Book Read Free

Paul Blaisdell, Monster Maker: A Biography of the B Movie Makeup and Special Effects Artist

Page 30

by Randy Palmer


  But Out of This World never got past the conceptual stage. It was talked about a great deal, and everyone was geared up to do it, but somewhere along the line someone (probably Sam Arkoff) decided it was too risky a venture. The projected series was quietly killed, and with it went the promise of solid, long-term employment for Blaisdell. Instead of making a TV series, AIP’s new television subsidiary decided to finance a series of ultracheap independent films, produced solely to inflate the “Chiller” and “The World Beyond” creature-feature packages. Blaisdell was never involved in an AIT (American International Television) production.*

  There was another TV series AIP wanted to do that was called Beyond the Barriers of Space. This was to have been a more traditional sci-fi show, with continuing characters and interconnected storylines à la Star Trek or The X-Files. The science-fiction theme of the show would encompass faster-than-light time travel, alien civilizations, and mutiny in outer space. AIP paid Blaisdell to do a full-color painting for its Beyond the Barriers of Space promotional brochure, which was used to help sell the idea for the series to prospective backers and commercial time buyers.
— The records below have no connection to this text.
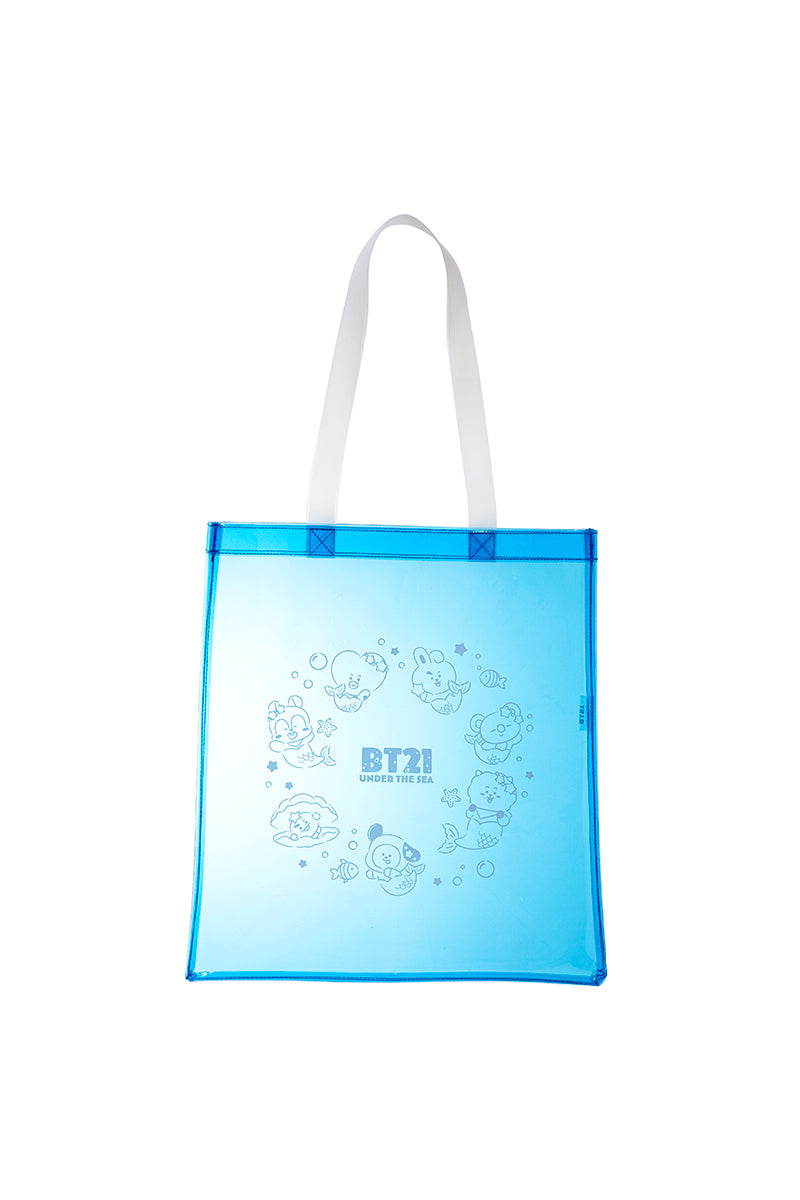 クリアバッグ(COOL) BT21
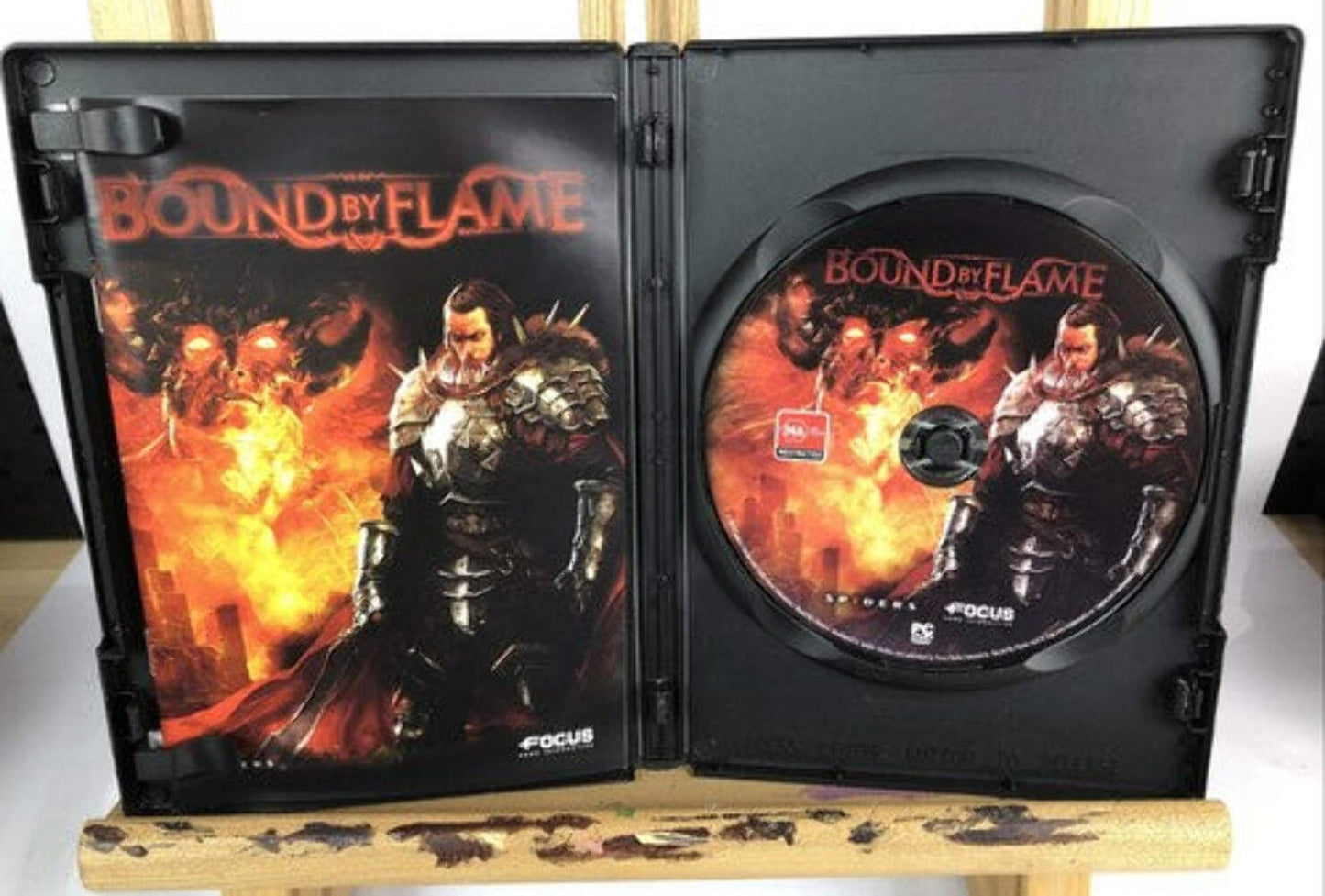 3202 Bound By Flame PC complete Game In Good Condition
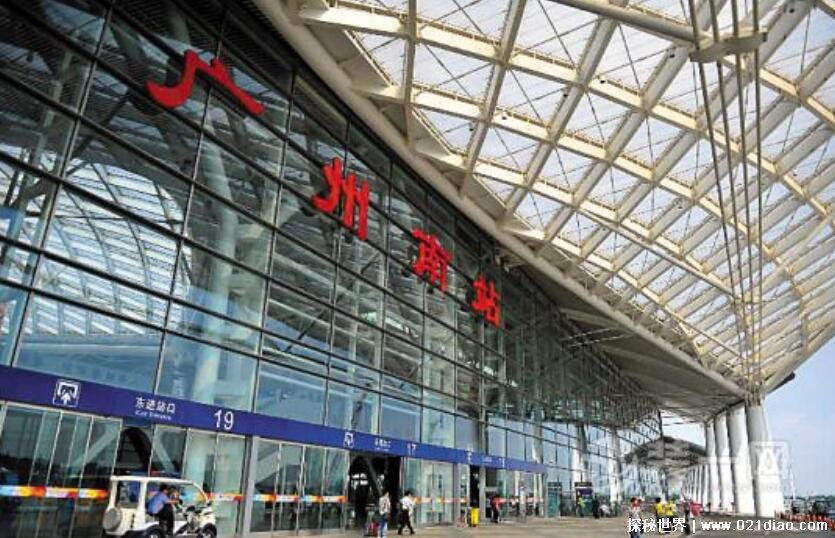 2020亚洲最大火车站是哪里哪个城市，南京南站亚洲第一望尘莫及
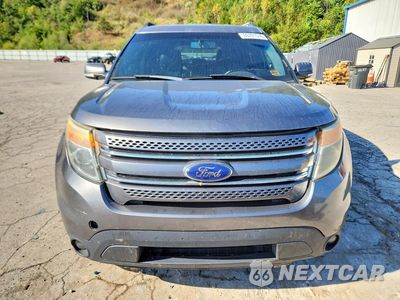 Piąte zdjęcie samochodu w środku: 2013 FORD EXPLORER LIMITED VIN:1FM5K8F82DGC35245 - miniatura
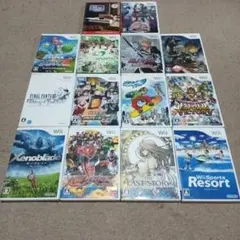 Wiiソフトセット 14本セット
  Although Beyond the Barriers of Space was one more project that never got beyond the preproduction stage, a couple of the series’ basic ideas turned up in a low-budget feature released by AIP called Beyond the Time Barrier. Directed by Edgar G. Ulmer, the man responsible for the 1935 version of The Black Cat starring Boris Karloff and Bela Lugosi, the film circumvented its low-budget heritage with brisk pacing and an interesting story line. But how many of the film’s plot threads were unraveled from projected synopses of Beyond the Barriers of Space? At this point there is no way of knowing, but since AIP would never abandon an idea it had paid for, it clearly seems possible that Beyond the Time Barrier was cobbled together from discarded drafts of the projected TV series.

  Blaisdell later commented on some of the changes taking place at AIP:

  Jim Nicholson was the artistic half of American International Pictures, and Arkoff was the business half. Jim had teenaged children of his own, and he liked to get together with them and pal around with them and talk to them about movies because Jim was a movie buff himself. He would always ask them what they would most want to see in movies. And he really listened to them. He did not go on down the same old tired line, making detective movies that would bore you to death and stuff like that. Nick was very astute and very responsive to what the kids wanted to see, and he acted accordingly. And me being half-juvenile myself, I kinda liked the idea too, so I went along with it.

  Now then, when it came time for a change, which happened around 1960 or 1961 for AIP, that was because Jim was still listening to his kids. They were still telling him what they wanted to see, but their tastes were changing, as was most of society’s at that time. I really think we all were getting fed up with the cold war type of movie and thinking about building bomb shelters in the backyard and wondering how soon the world was going to come to an end. And I honestly believe that’s one reason why AIP began making different kinds of pictures. The Poe movies, for example, were so gothic and so far removed from the average person’s experiences, they were more fantasies than horrors. So it was all right to move in that direction because the audience didn’t have to think about what was going on in the Soviet Union or China or even in the U.S. They [AIP] didn’t abandon science-fiction altogether—they still made the occasional thriller like Panic in Year Zero—but those pictures were few and far between anymore. It was nothing like when they first started out, making pictures like Day the World Ended.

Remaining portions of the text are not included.